§ Task directions: Taking the line with "[신상 ETF 소개편]" as the first and the line with "Teppich Wolle Loni Hellbraun" as the last, set down exactly every line in that range from the entries below, and no more.

§ Entries supplied:

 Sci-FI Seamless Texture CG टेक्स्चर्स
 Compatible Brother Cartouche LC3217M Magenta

...

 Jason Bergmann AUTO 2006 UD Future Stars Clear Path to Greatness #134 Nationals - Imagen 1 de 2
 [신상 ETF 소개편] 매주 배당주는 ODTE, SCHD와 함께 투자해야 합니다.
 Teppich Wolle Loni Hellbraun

§ Your solution:
 [신상 ETF 소개편] 매주 배당주는 ODTE, SCHD와 함께 투자해야 합니다.
 Teppich Wolle Loni Hellbraun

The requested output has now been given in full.